* **Information provided**:
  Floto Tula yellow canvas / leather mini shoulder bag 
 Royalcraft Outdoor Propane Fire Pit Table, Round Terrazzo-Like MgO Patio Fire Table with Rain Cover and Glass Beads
==
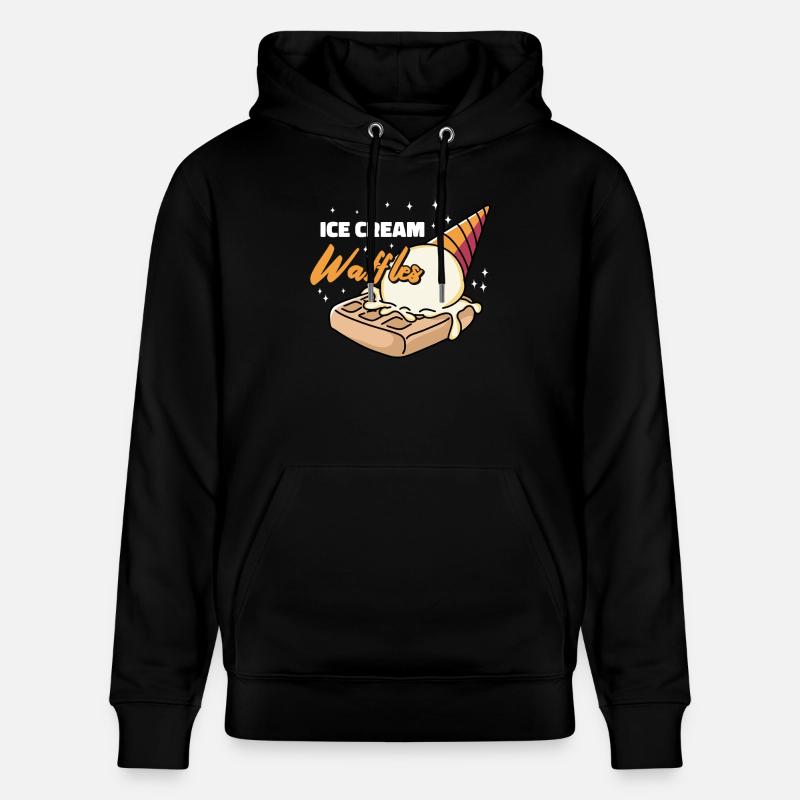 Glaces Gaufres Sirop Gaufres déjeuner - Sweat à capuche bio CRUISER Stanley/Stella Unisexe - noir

* **Directions**: Within the material above, transcribe exactly the lines that run from the line holding "Floto Tula yellow" through the line holding "Royalcraft Outdoor Propane".

* **Output below**:
  Floto Tula yellow canvas / leather mini shoulder bag 
 Royalcraft Outdoor Propane Fire Pit Table, Round Terrazzo-Like MgO Patio Fire Table with Rain Cover and Glass Beads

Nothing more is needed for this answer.